今日聴いたコンサート@ルドルフィヌム ドヴォルザーク・ホール
ケルン放送交響楽団演奏会
指揮:セミヨン・ビシュコフ
ソプラノ:ゲニア・キューマイアー
R.シュトラウス:交響詩
「ティル・オイレンシュピーゲルの愉快な悪戯」
作品28
R.シュトラウス:ひそやかな誘い 作品27-3
R.シュトラウス:わが子に 作品37-3
R.シュトラウス:献呈 作品10-1
R.シュトラウス:あしたに 作品27-4
R.シュトラウス:わたしは小さな花束を編もうとした
作品68-2
R.シュトラウス:ツェツィーリエ 作品27-2
シベリウス:交響曲第5番 変ホ長調 作品82
アンコール/ビゼー:「アルルの女」作品23 第1組曲
第3曲「アダージェット」
アンコール/ビゼー:「アルルの女」作品23 第2組曲
第4曲「ファランドール」
今日の演奏の印象は、うまく文章にできませんが、ふっくらマイルドなサウンドに包まれて、ひたすら至福のひとときでした。オーケストラのモチベーションも高く、特にヴァイオリン・セクションの演奏姿勢には惚れました。アンサンブルはまるでCDを聴いているような安定感と完成度でした。
キューマイアーさんという方はムーティの指揮で「魔笛」のパミーナなどを歌われているそうですが、清らかな歌声で夢のような世界を見せてくれました。全くノー・チェックの歌手でしたが、これから色々探して聴いてみたいと思います。
「ツェツィーリエ」が、管弦楽版原調のEs-durではなく、ピアノ版のE-durで演奏されたのは初めて聴いたので意外でした。かなり印象が変わって聞こえます。確かに歌の音域は低いのですけれど・・・ ただ、1つ良いことが。この曲、ヴィオラに低いH音が頻発するのですが (C線を下げるように指示があります) 、E-durに移調すれば問題がなくなります。

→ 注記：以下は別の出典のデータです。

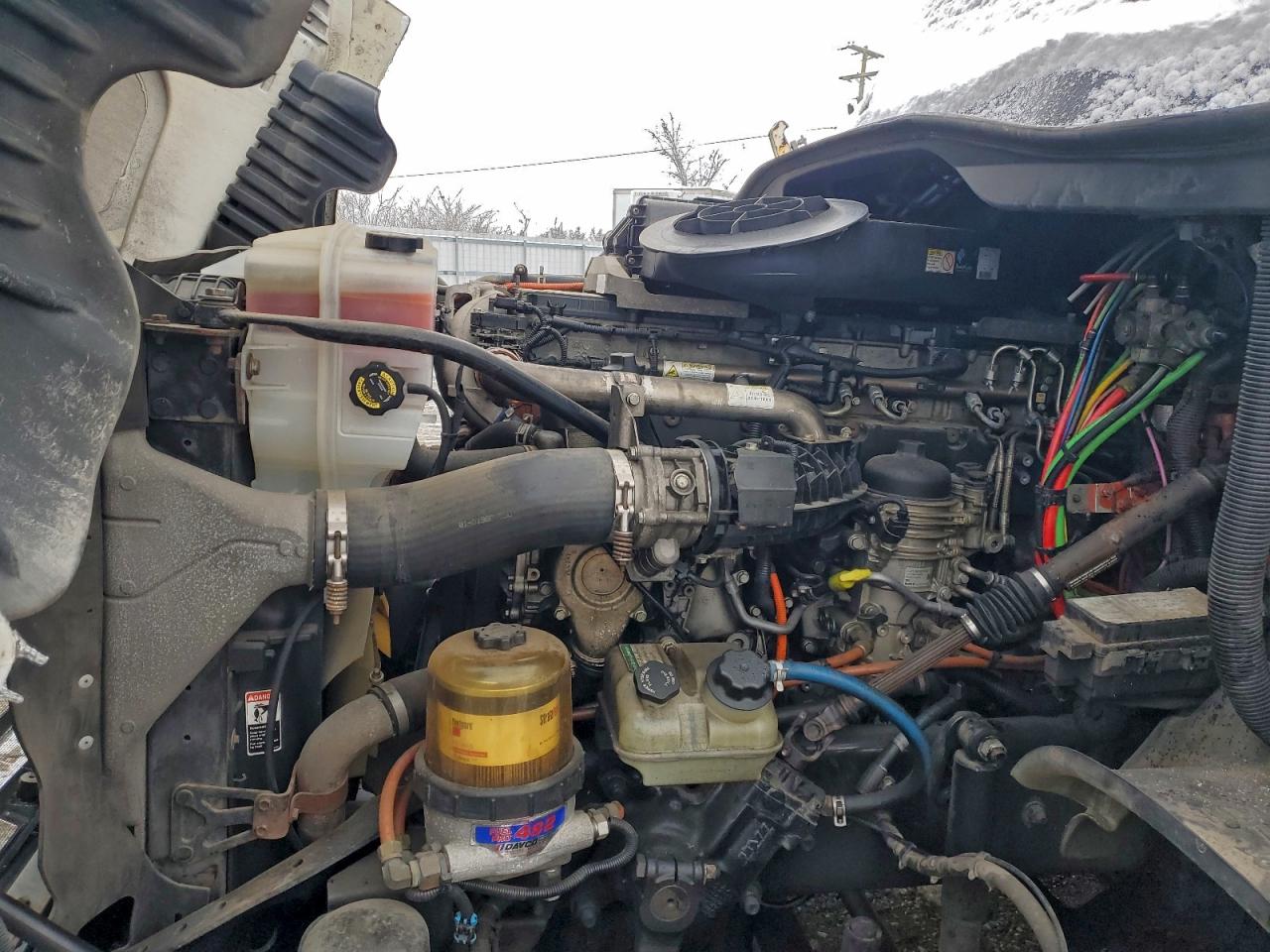 Freightliner Cascadia Image 6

シベリウスは緩急の差を大きくとった演奏。第1楽章の後半はながーいアッチェレランドになっていて、それをどう設計するかが指揮者としては大切なのですが、ビシュコフ氏はかなり早めの段階からテンポを上げていたので「それじゃ安易じゃん!」と思っていたら、違いました。最終目標値が私が思っていたより全然速かったのです。そのままどんどん速くなっていって最後はびっくりするような快速テンポでした。確かに演奏は可能なので (ティンパニ以外は) 、こういう可能性もあるのかと参考になりました。

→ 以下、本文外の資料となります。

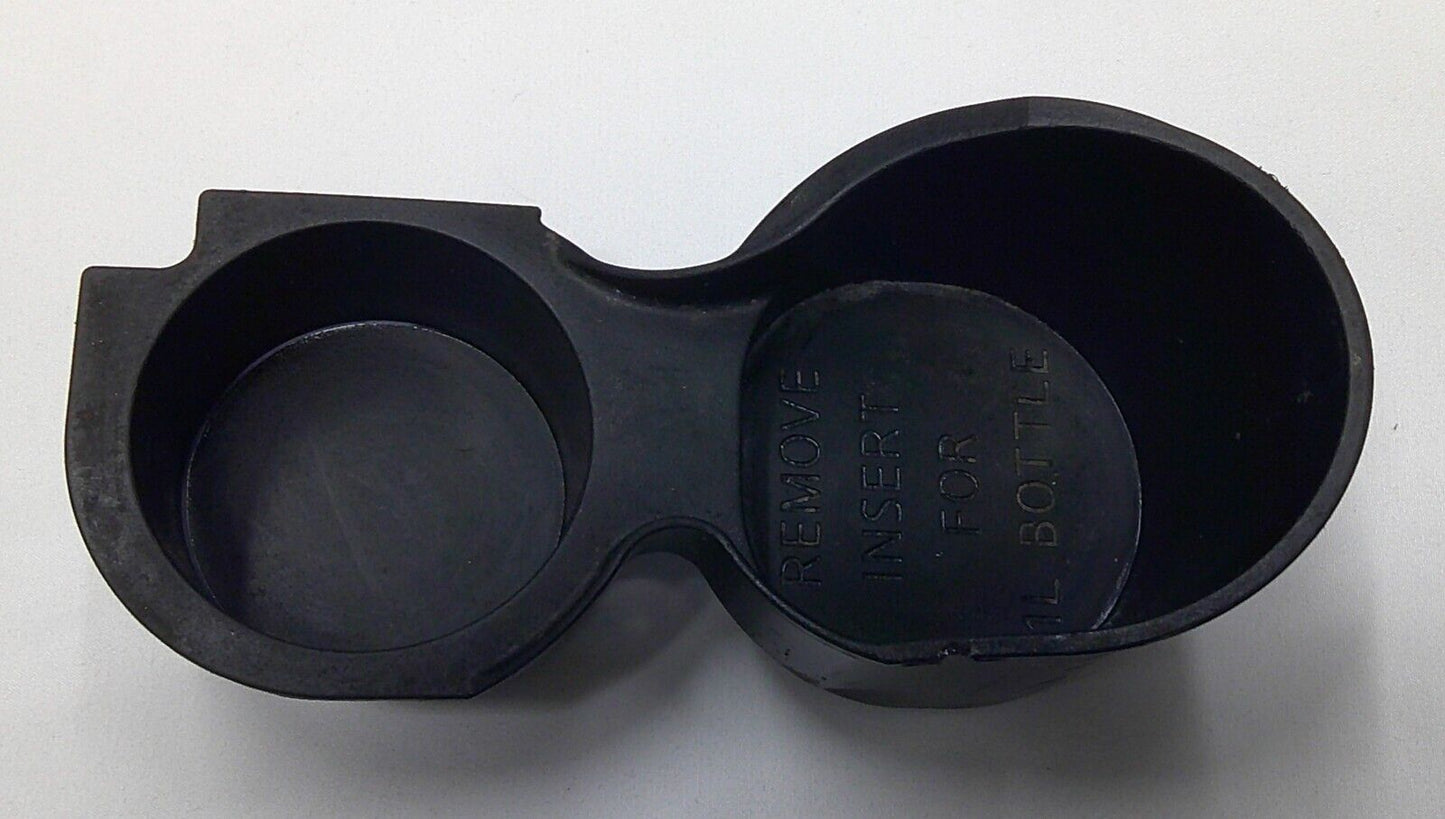 00-02 Nissan Maxima Center Console Cup Holder Insert 68431-5Y800-AG01 OEM R1 - RarePartsFinder.Com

第3楽章のおしまいの方はどんどん遅くなっていって、どうなっちゃうのかドキドキしていたら、最後の数小節でテンポがいきなり戻りました。最後のカデンツの部分、1つ1つのハーモニーがホールに長く響いて、心が震えました。
ビシュコフ氏の、ふくよかではったりのない、誠実で自分の心に忠実な音楽、華やかさを拒絶しているかのような、それでいて暖かいステージマナー、美しく上製本された楽譜 (!) 、全てが私の理想としている指揮者像のように思いました。
オーケストラの美しいサウンドに誘発されて、帰り道、自分の頭の中で鳴る音楽の音色までもが変化したような錯覚にとらわれました。